When estimating time to complete task without accounting for velocity, it often becomes the habit of a team to try and account for unplanned work by 'padding' effort estimates to leave space for the unexpected.  This padding is completely subject to individual judgement and can carry with it a large degree of inaccuracy.

Even the riskiest project will have statistical patterns of unplanned work.  Over time, these patterns can be tracked, providing developers with useful information with which to construct future estimates.  It is not unusual for a planned sprint to have as much as 50% of its work appear midway and be completely unplanned.  However, it is also not unusual for the next 3 sprints following this one to have the same percentage of unplanned work.

By accounting for unplanned work separate from planned work, and ensuring that the estimates against tasks are performed using a relative sizing system, it creates a flexible and accurate way to fill a sprint's capacity without trying to align all planned work to a standard 40 hour working week.

For example, lets say we have a single developer working a standard 80 hours over a two week sprint.  At the beginning of the sprint, the developer identifies 4 tasks that will need to be completed during the sprint.  Each task is estimated at 20 hours each.

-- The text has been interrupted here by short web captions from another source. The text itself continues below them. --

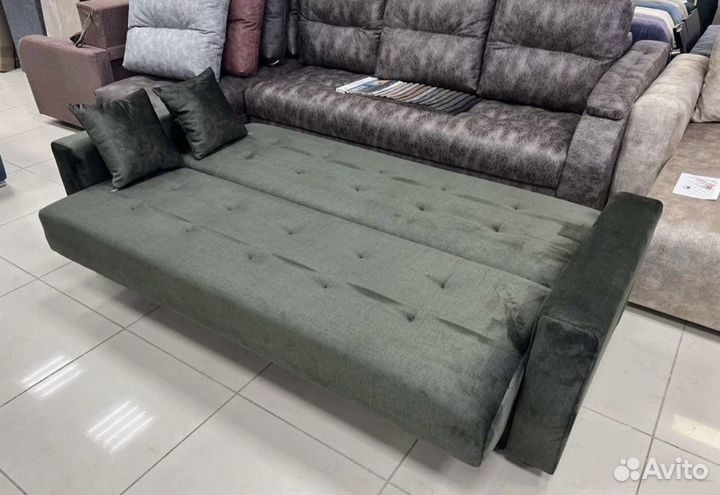 Диван книжка Лора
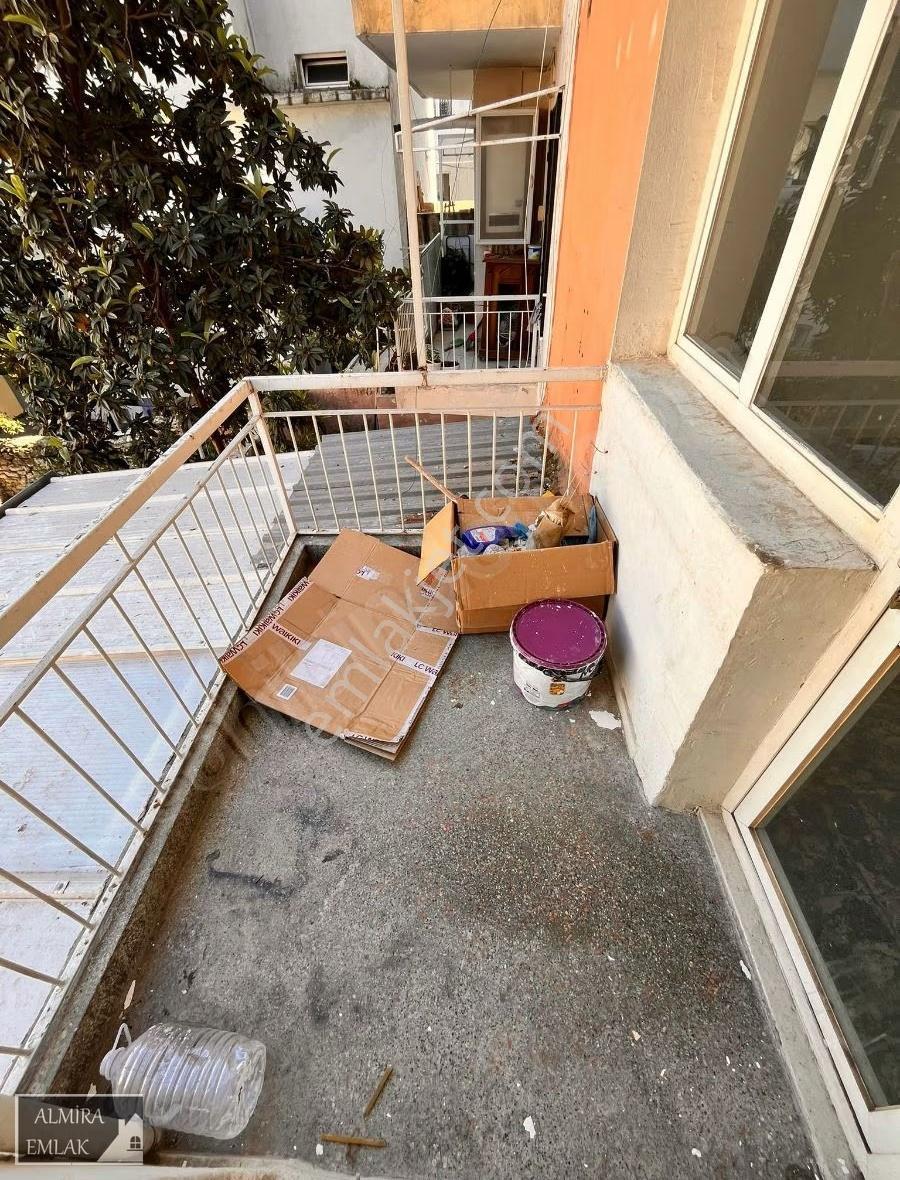 Hatay Üçyol Da 2+1 Arakat Metro Ve Meydana Yürüme Yakın - Görsel 26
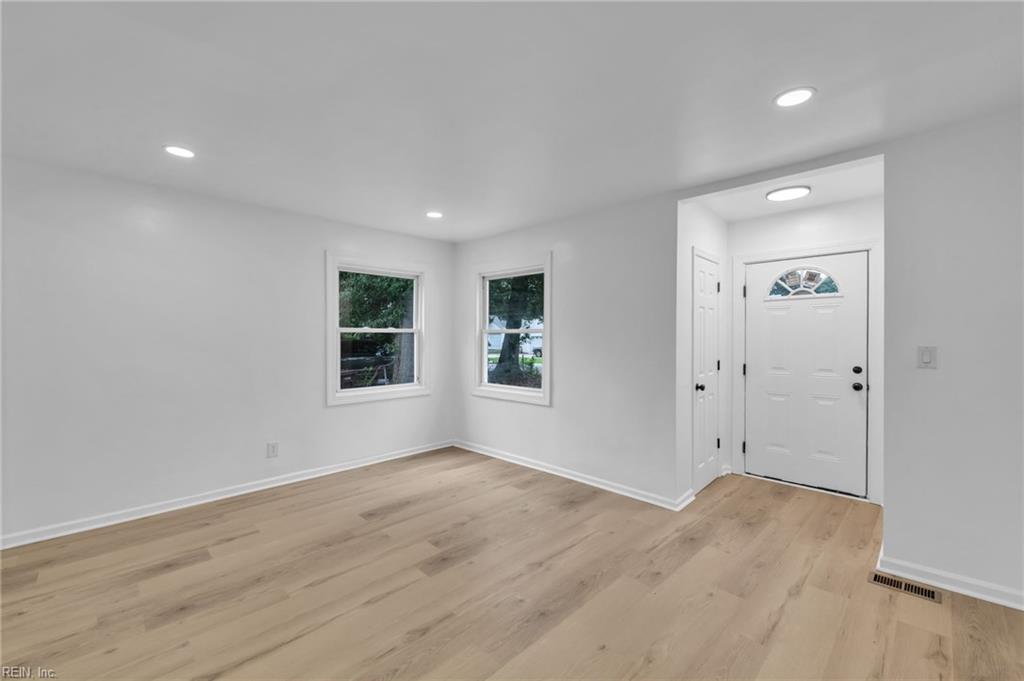 4006 Hamilton St Property Photo 5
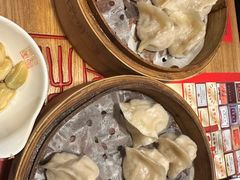 -新兴园饺子馆(北京百子湾店)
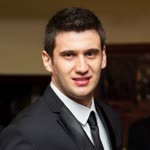 Volkan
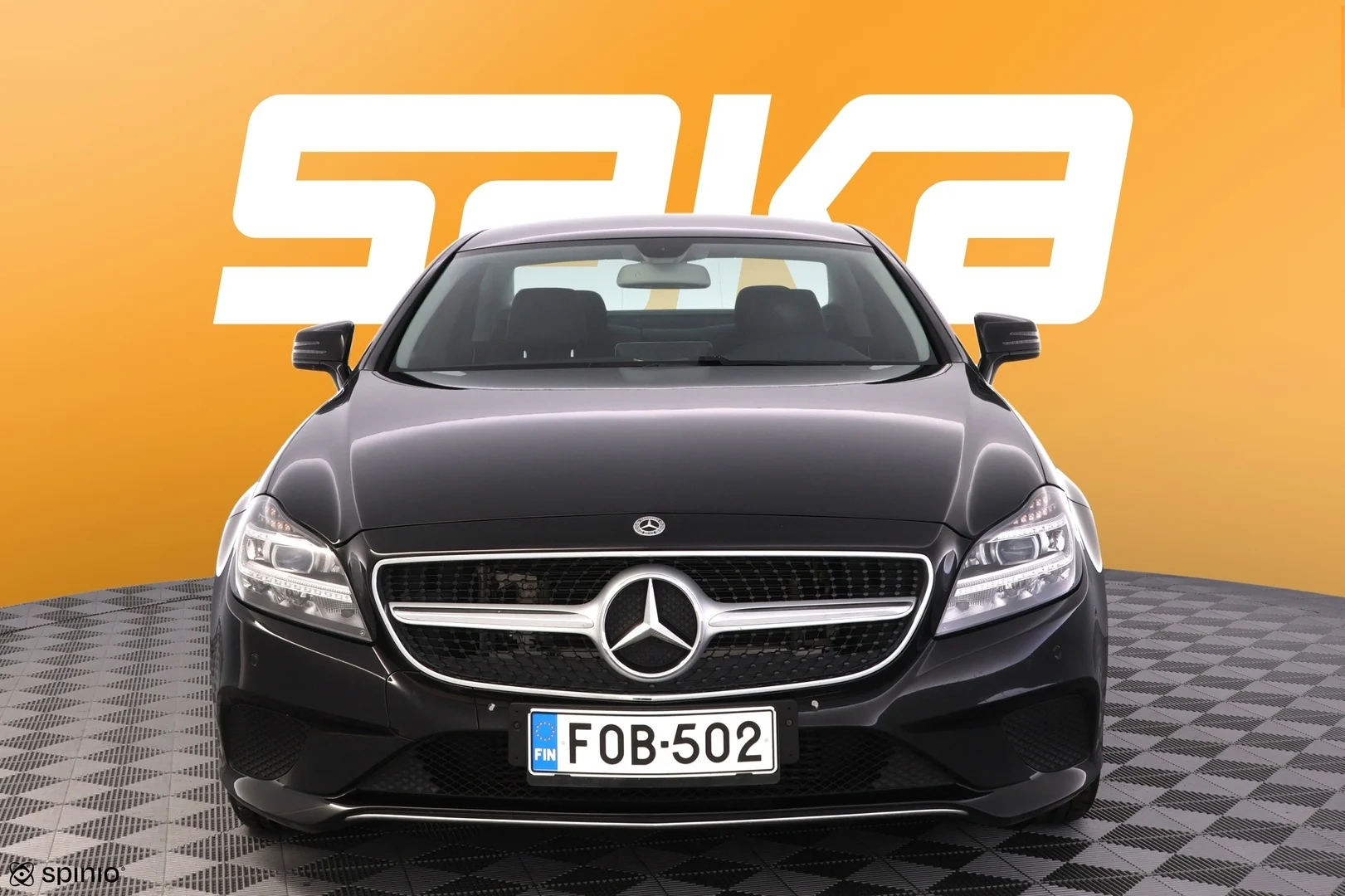 Car Image - 4UybfMvqlRa3Wusjx0LfE3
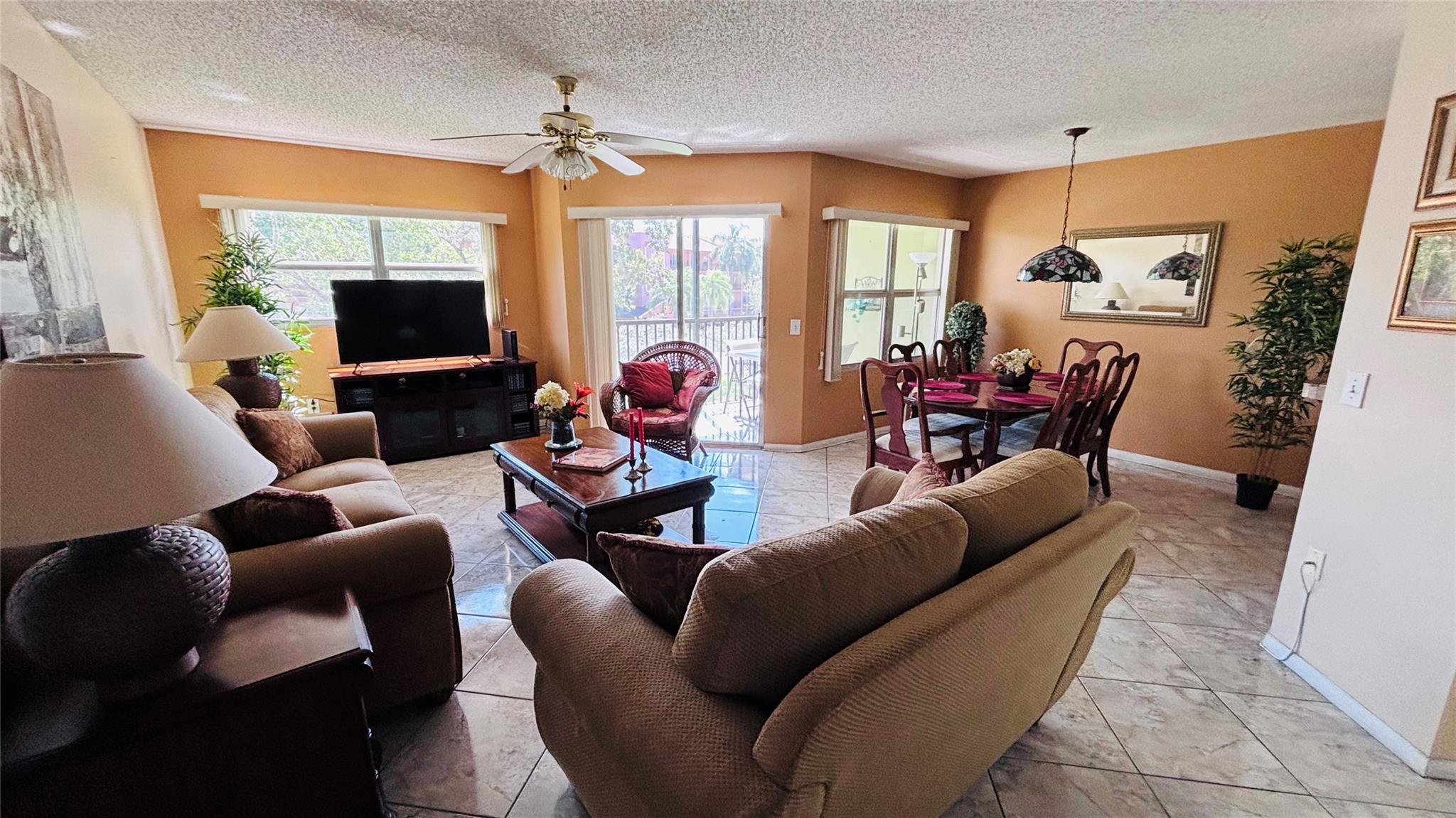 Plymouth At Century Villa - Residential Lease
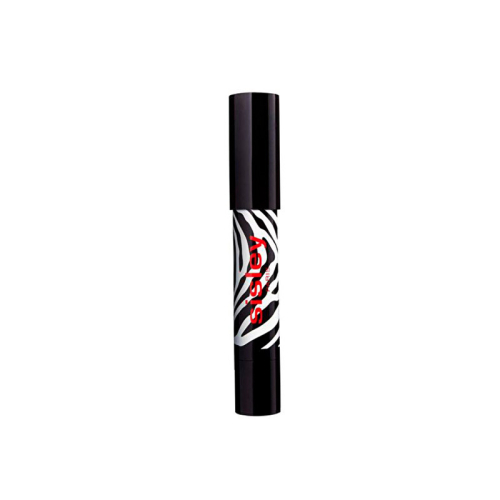 Sisley Phyto Lip Twist N8 Candy Ruj - 2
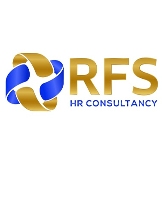 Columba Max RFS HR Consultancy in Dubai Dubai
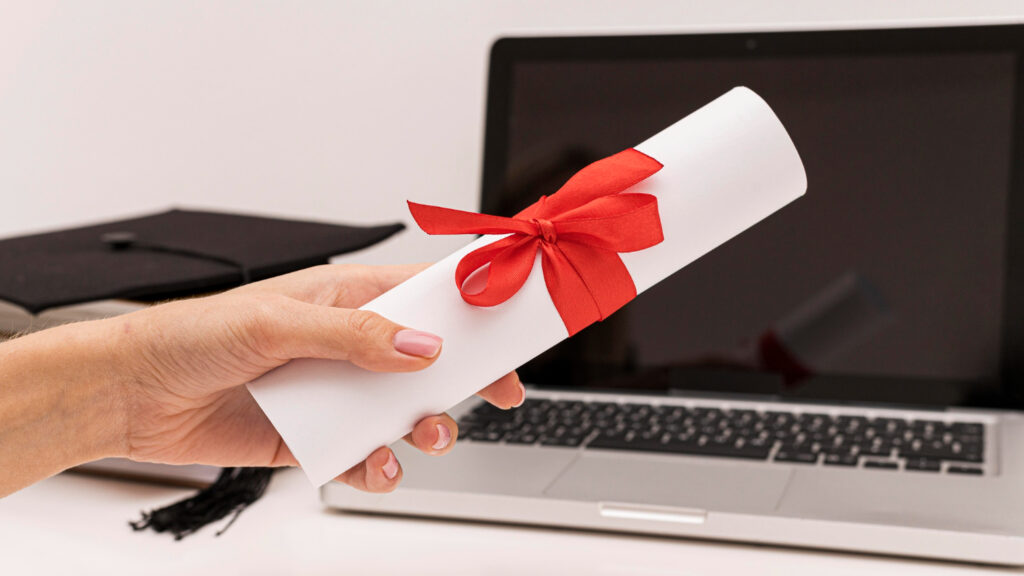 What Is a Gift Deed and When Is It Used-Legacrusader
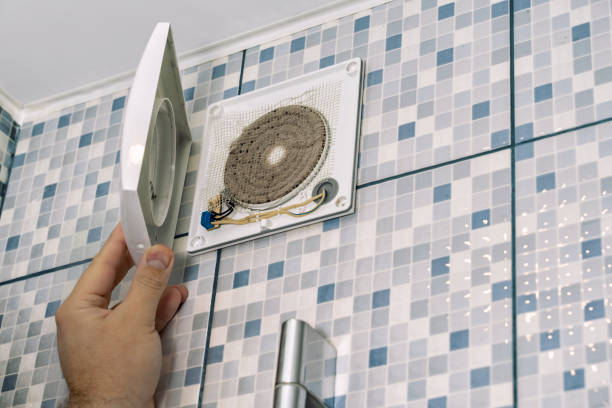 Ductwork Cleaning Services in AL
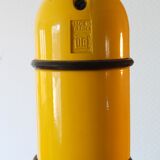 Lita hanging lamp years 80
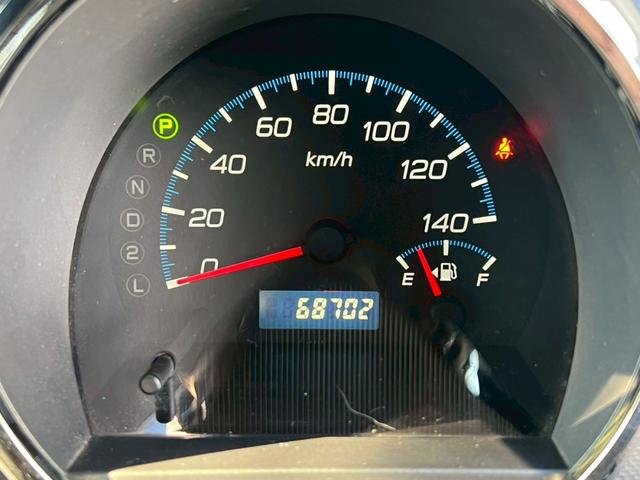 �����A�Q�[�g�_���p�[�w�^������B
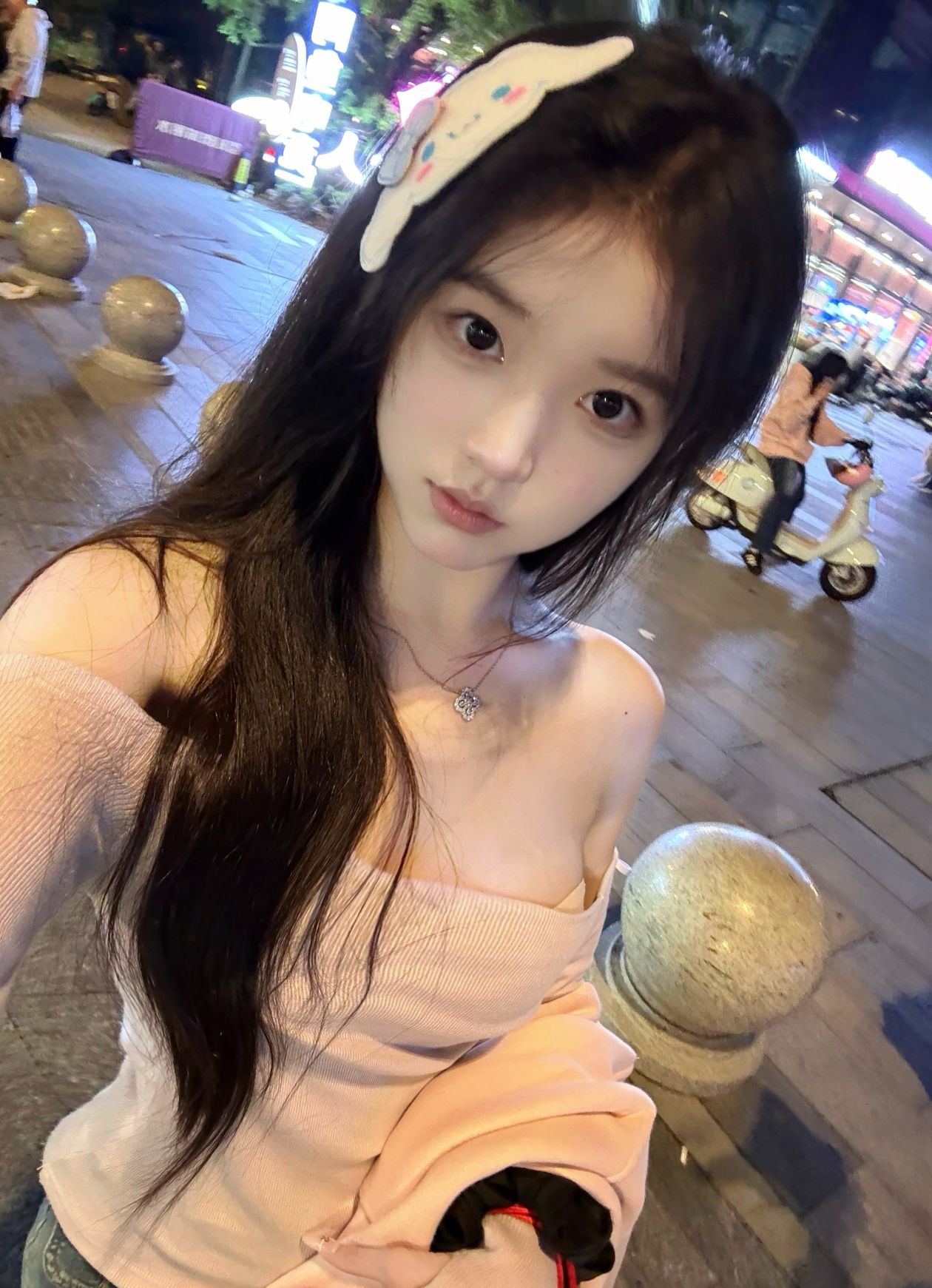 个人自做，服务好不敷衍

Partway through the first week, the product owner applies pressure to the developer to include an additional task estimated at 10 hours of extra work.  Having anticipating that some unexpected work would appear during the sprint, the developer includes the unplanned task in the sprint and hopes that the blunt estimates given for the planning work will be enough to cover for the extra load.

Partway through the second week, the product owner introduces another unplanned task estimated at 10 hours.  While uneasy about overloading the sprint, the developer accepts the unplanned task, warning the product owner that this may have an impact on existing commitments.  Without any solid figures to clarify the impact on the planned work, no long term plans are adjusted.

Finally, all tasks are completed on time - at the expense of 10 hours of overtime.


This could be compared to a situation as follows:


The same developer works a standard 80 hour sprint over two weeks.  Based on the previous sprint done, the developer knows that he has an individual output velocity of 5 'points' per day of effort.  This would give a total working capacity of 50 points over the entire sprint.  The developer also knows that from the previous sprint, 10 points of the work done came from unplanned tasks.  With this knowledge, he is able to confidently commit himself to 40 points worth of planned tasks.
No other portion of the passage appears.